**EXERCISE REQUIREMENTS**. While reading the listing below, count how many lines hold the word "Dress", and answer with the number only.

**DATASET**.
::::::::::

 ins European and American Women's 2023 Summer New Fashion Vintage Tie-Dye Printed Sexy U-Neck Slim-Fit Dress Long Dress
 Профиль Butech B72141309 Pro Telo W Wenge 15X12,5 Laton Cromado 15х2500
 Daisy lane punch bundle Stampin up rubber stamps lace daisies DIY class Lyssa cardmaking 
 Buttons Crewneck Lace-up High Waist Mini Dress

::::::::::

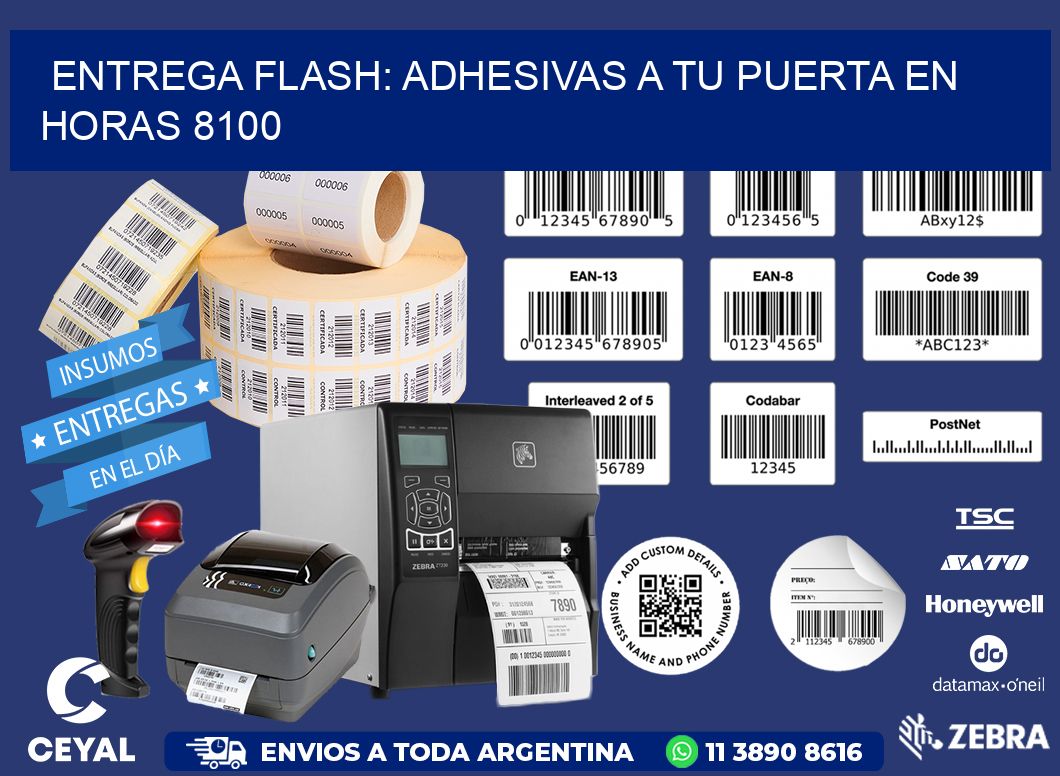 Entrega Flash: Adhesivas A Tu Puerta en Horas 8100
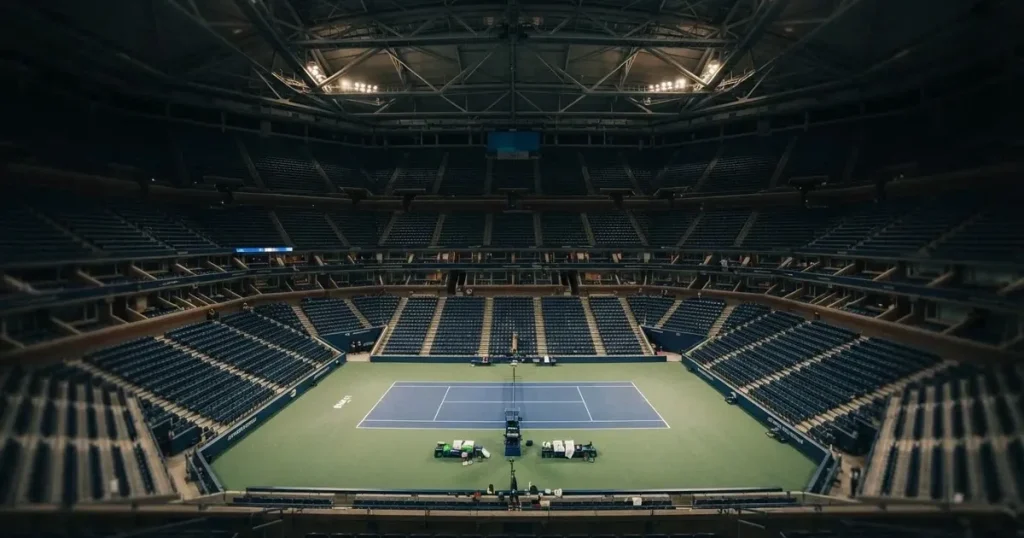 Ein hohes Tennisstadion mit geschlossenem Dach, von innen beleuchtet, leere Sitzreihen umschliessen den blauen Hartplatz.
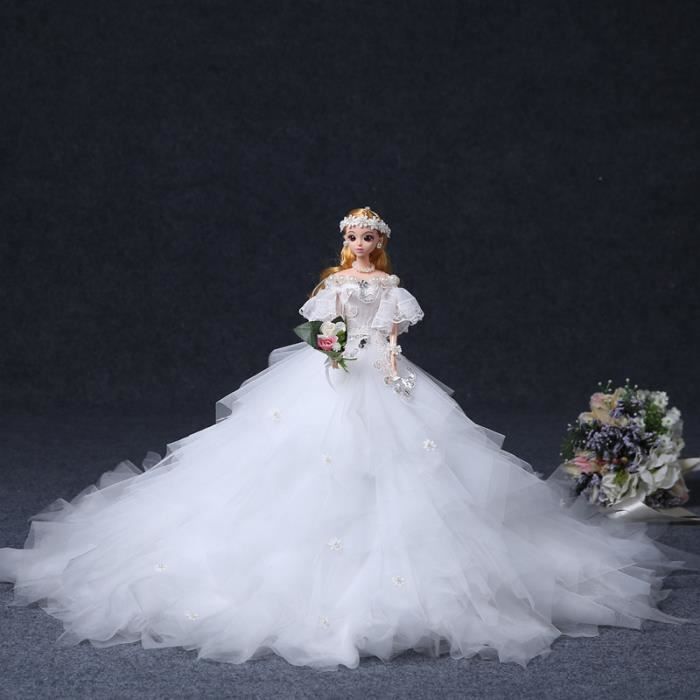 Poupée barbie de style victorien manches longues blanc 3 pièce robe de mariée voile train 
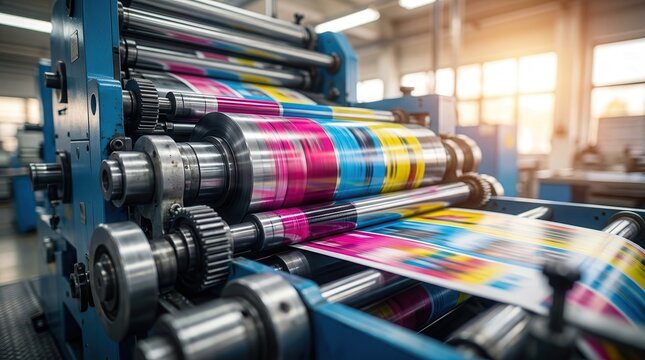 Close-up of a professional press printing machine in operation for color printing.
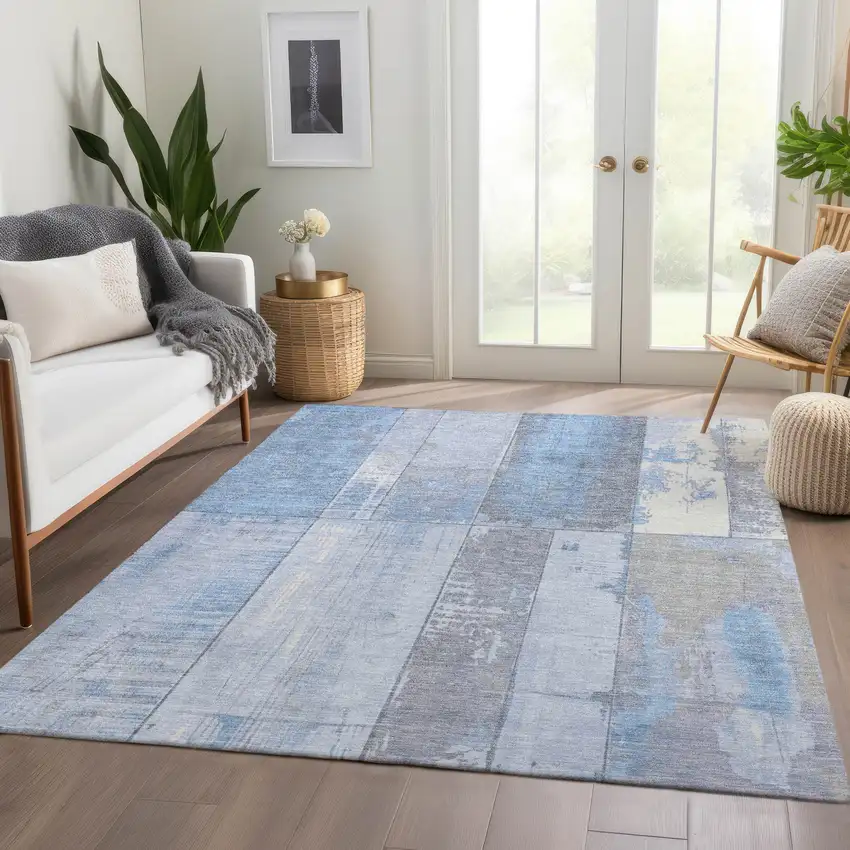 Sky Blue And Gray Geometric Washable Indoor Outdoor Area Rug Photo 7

::::::::::

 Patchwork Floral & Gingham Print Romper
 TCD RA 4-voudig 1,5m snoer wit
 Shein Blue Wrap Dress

::::::::::

**RESULT FOR THIS EXERCISE**. 3